Coalition Calls on Johns Hopkins University to Ensure Accessibility of Tuberculosis Drug

Washington D.C., 2 September 2015

Johns Hopkins University (JHU) is in the final stages of negotiating an agreement that could threaten the ability of patients globally to access a potential medical breakthrough, said the student group Universities Allied for Essential Medicines (UAEM) on Wednesday.

UAEM, with the support of Médecins Sans Frontières (MSF), Treatment Action Group, the Global TB Community Advisory Board, Public Citizen and individuals from around the world are supporting student activists in urging JHU President Ronald J. Daniels to fulfill the institution’s commitment to advancing global health and promoting innovation. On 3 September, students will present a petition to President Daniels calling on JHU to assure the timely and responsible development of a potentially groundbreaking tuberculosis (TB) drug.

JHU is in the final stages of discussions with biotech company Sequella regarding an agreement to license the university’s rights to a promising TB compound, sutezolid. However, negotiations and details of the agreement remain behind closed doors. Organizations and activists are concerned that terms of the agreement could prevent patients globally from accessing affordable and potentially lifesaving medicine in appropriate regimens. They are urging JHU to ensure publicly that the licensing agreement is non-exclusive and has provisions to ensure appropriate and timely development, affordability, and accessibility of sutezolid.

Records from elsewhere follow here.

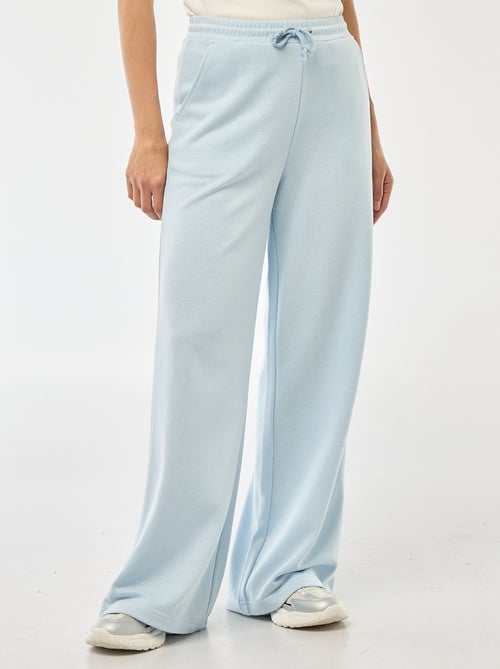 Pantalon de jogging femme en maille lourde à taille élastiquée - Kiabi Pantalon de jogging femme en maille lourde à taille élastiquée - Kiabi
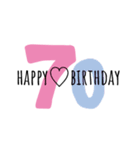 happy♡birthday 2（個別スタンプ：30）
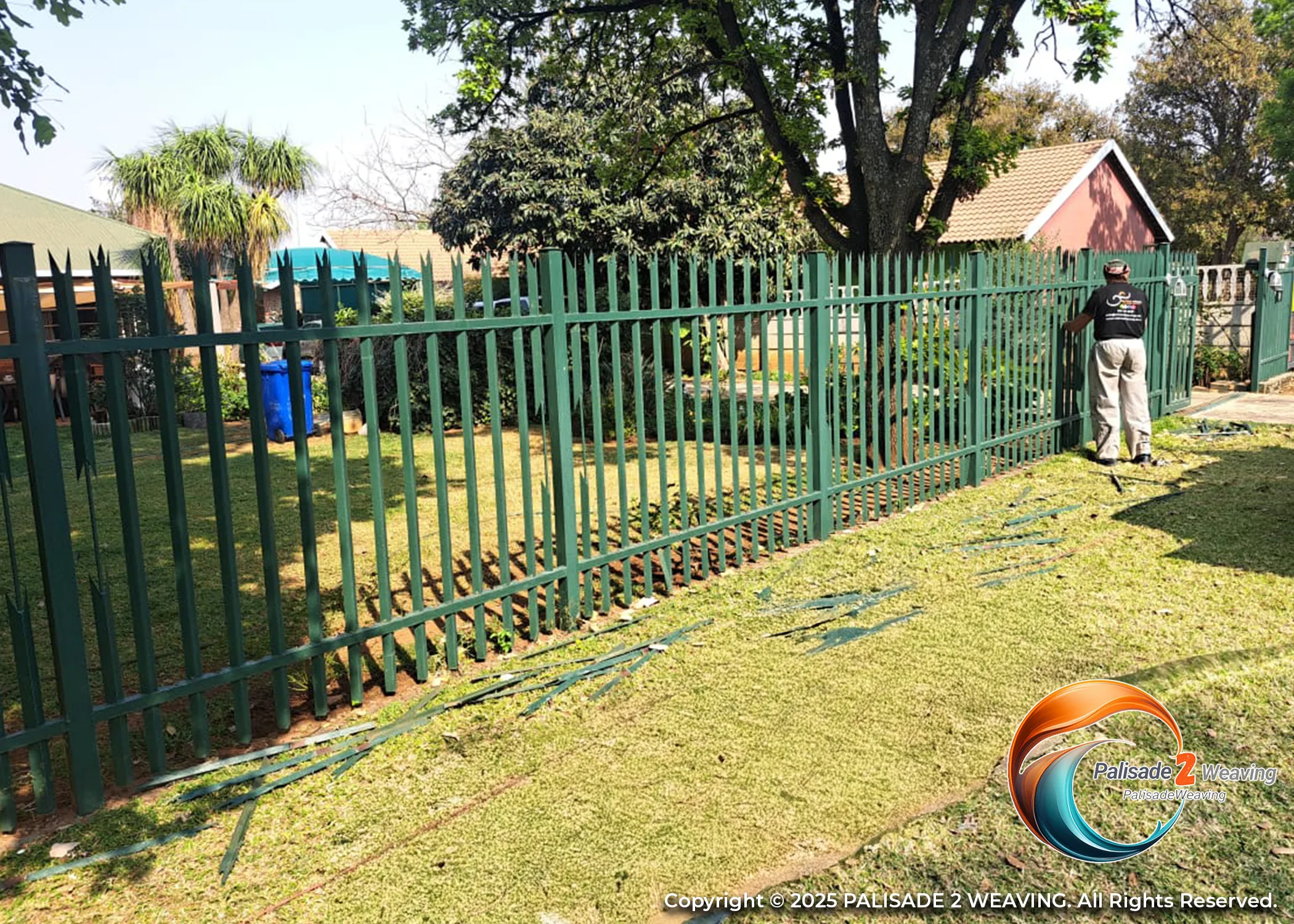 Palisade 2 Weaving Palisade Fence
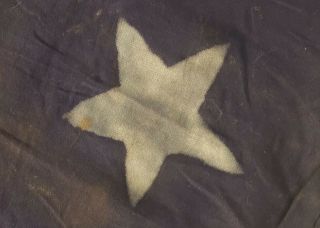 WWII or Older US Navy 7 - Star Commissioning or Homeward Bound Pennant 15 ft long 2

“We are at a critical moment in the struggle against tuberculosis. As a leaderin global health, Johns Hopkins has the potential to save thousands of lives by ensuring their drug is developed as part of the most medically impactful regimen for patients and accessible to those who would benefit most,” said Merith Basey, the executive director of UAEM.

Sutezolid has shown superior activity against drug-resistant TB (DR-TB) as compared to the next best treatment in early studies. Current DR-TB treatment is particularly difficult for patients and providers: it is a two-year treatment including eight months of daily injections and a total of more than 14,600 pills. The cure rate is unacceptably low, with fewer than half of patients receiving treatment being cured. Moreover, many of the medicines have toxic side effects.

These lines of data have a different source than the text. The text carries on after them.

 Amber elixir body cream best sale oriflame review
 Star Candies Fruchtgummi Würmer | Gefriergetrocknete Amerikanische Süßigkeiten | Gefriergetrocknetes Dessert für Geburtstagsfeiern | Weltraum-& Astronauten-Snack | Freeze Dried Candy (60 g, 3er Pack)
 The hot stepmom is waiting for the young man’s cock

With resistance to existing TB drugs growing at an alarming rate, it is vital that new treatments are developed and made accessible. Sutezolid, if appropriately developed, could offer new hope to patients and represent a turning point in managing the global public health crisis posed by DR-TB. TB remains the second leading cause of death from an infectious disease, claiming nearly two million lives each year globally. There is a desperate need for novel and affordable therapies to treat drug-resistant TB. JHU is in a unique position to positively impact sutezolid’s development and accessibility. TB patients worldwide are depending on JHU to not squander this opportunity.

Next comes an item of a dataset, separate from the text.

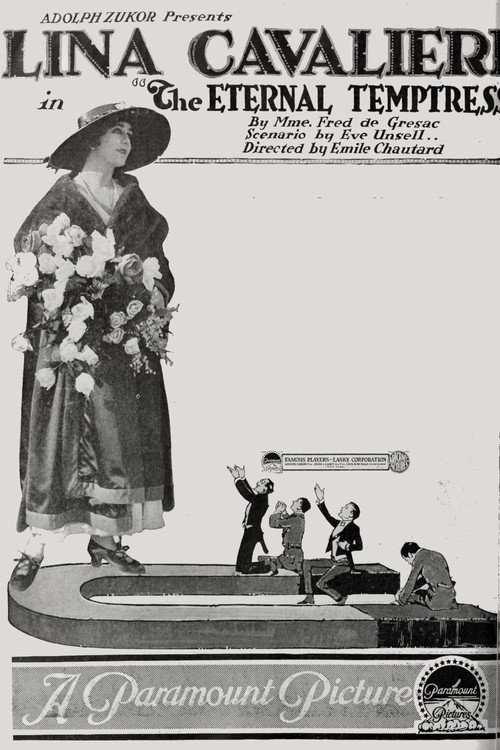 Movie poster for The Eternal Temptress (1917)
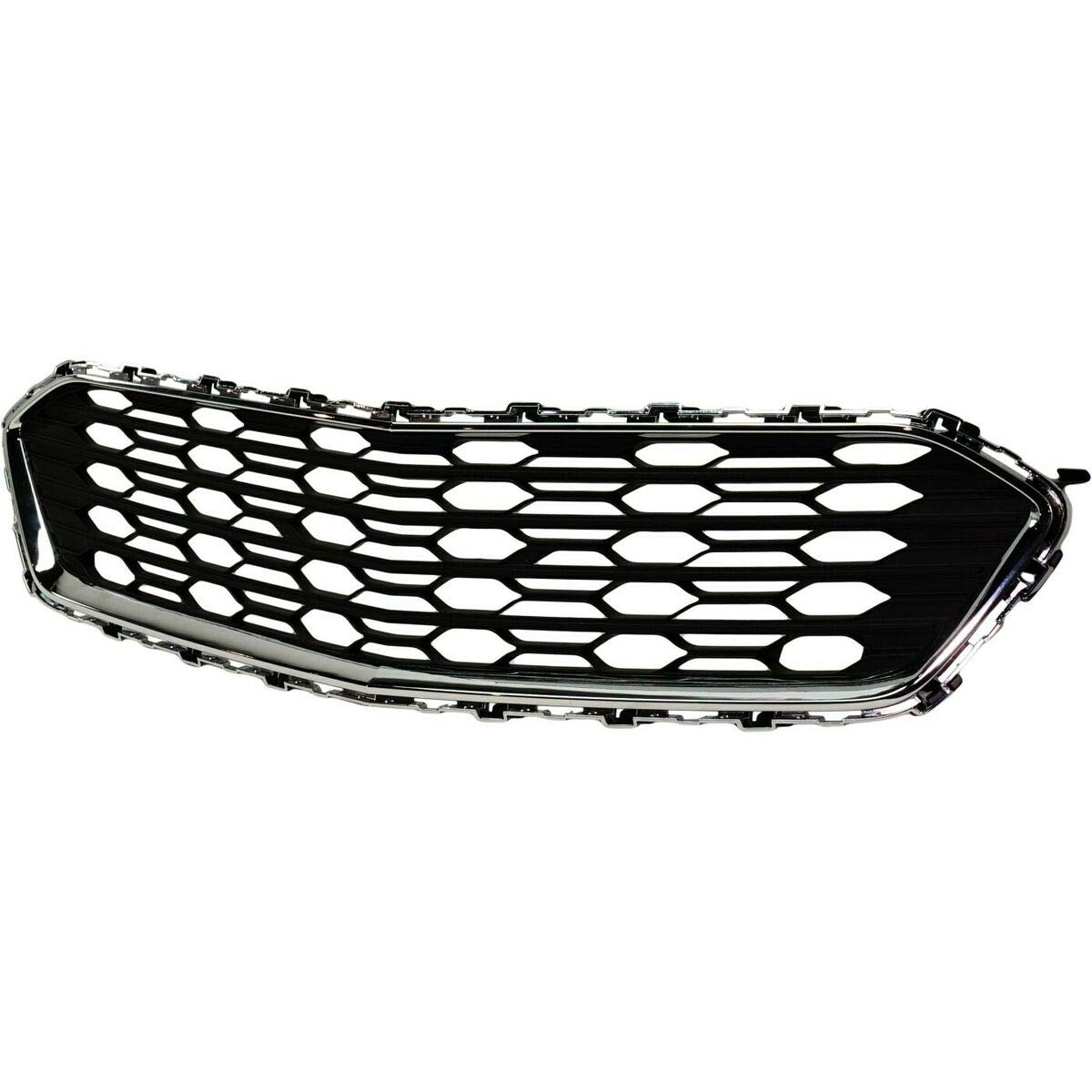 Replacement Bumper Face Bar Grilles Upper for Chevy Chevrolet Cruze 2016-2018 - Durable Front Grille Cover - Perfect for Car Repair, Restoration & Custom Upgrades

For press inquiries please contact Siri Raasch and Rachel Kiddell-Monroe and .

Scientific Information on Sutezolid

Sutezolid is a member of the oxazolidinone family of drugs, which has shown excellent activity against Mycobacterium tuberculosis (MTB), including resistant strains. Linezolid, another drug of the same family, has been shown to be effective in treating DR-TB according to a recent review of scientific literature and meta-analysis. Further, in a subsequent phase 2 randomized study of patients with XDR-TB in South Korea, linezolid-containing regimens lead to significantly improved cure rates as compared to those regimens which did not include linezolid. Evidence from in vitro, animal and a phase 1 study with sutezolid has shown superior activity of this drug against MTB as compared with linezolid and the safety profile of sutezolid is likely superior to that of linezolid. Thus oxazolidinones like sutezolid are poised to become an important part of future regimens to treat TB.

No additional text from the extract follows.